Jay Davidson knows that feeling well. The retired elementary school teacher from San Francisco, California, has done a great deal of traveling over the years, making forays to Australia, New Zealand, England, Egypt, Africa, Thailand, Cambodia and Vietnam. And almost everywhere he goes, he seeks out local Toastmasters groups.
“It seems like a good connection for common ground,” says Davidson. “It’s a good way to meet people who have similar interests.”
Yet what’s also enriching about such excursions is observing the differences among Toastmasters. Visits to clubs in other countries, say members, allow you to learn about other cultures through the Toastmasters experience.
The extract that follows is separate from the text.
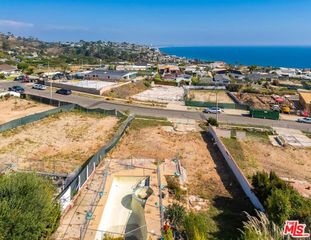3619 Seahorn Drive, Malibu, CA 90265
“Most clubs reflect whatever society they’re in,” notes Davidson, a member of the Rainbow Toastmasters in San Francisco.
A Toastmaster since 1997, Davidson has ventured to clubs in Istanbul, Cairo, Buenos Aires and Sydney, among others. On a vacation to London, he met up with a Toastmasters club called the London Athenian Speakers; the group met in a most appropriate spot – the upstairs room of a London pub. The club took full advantage of the location: During the meeting break, some headed downstairs for a pint of lager.
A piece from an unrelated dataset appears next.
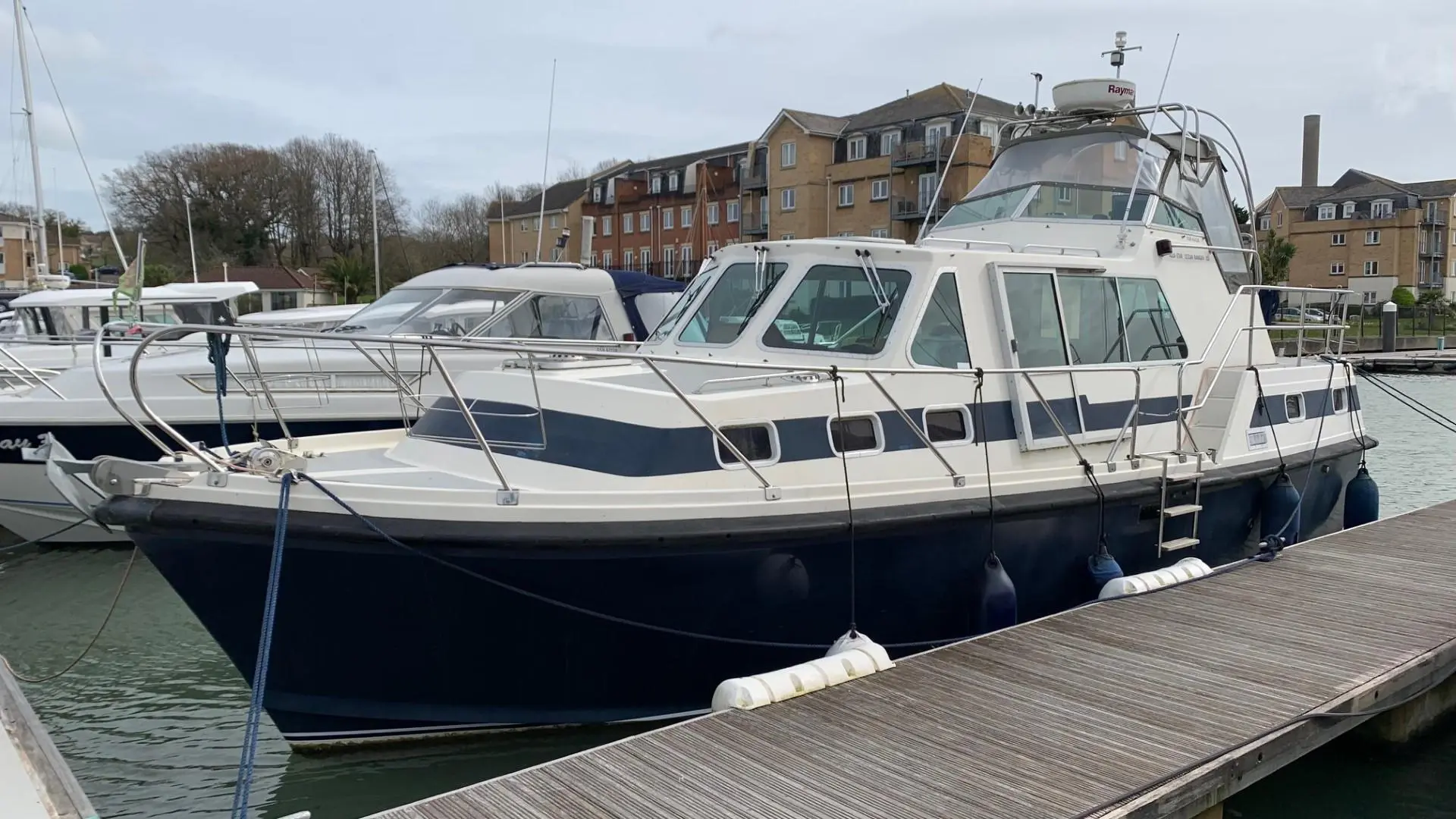 1986 Yamaha oceanranger 33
Taking a Sentimental Journey
Vimal Goyle grew up in India and moved to the United States with her husband in 1970. Nearly 40 years later, she had the opportunity to visit a Toastmasters club in her native land. “I was very excited,” says Goyle, who attended a meeting of the Chandigarh Toastmasters this past January.
A gynecologist in Topeka, Kansas, Goyle traveled to India to attend the Indo-U.S. Healthcare Summit in New Delhi. She was in the country for two weeks and went to three different cities, including Chandigarh, where she stayed with a nephew. The Toastmasters club there normally meets on Saturday afternoons, but when Goyle told club leaders she wouldn’t arrive in the city until Sunday afternoon, they graciously re-scheduled that particular meeting for Sunday evening so she could attend.
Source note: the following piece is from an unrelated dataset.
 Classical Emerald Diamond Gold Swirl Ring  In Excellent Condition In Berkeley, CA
The club -- which was less than a year old — held an installation ceremony for their seven new officers. Taking place in a restaurant, it was an elaborate and lengthy affair — a sign of how seriously the members take their Toastmasters experience, says Goyle. The district governor drove 200 miles to attend the event, she notes, and the officers’ friends and families were present – even their children. Afterward, a lavish buffet of Indian food was served.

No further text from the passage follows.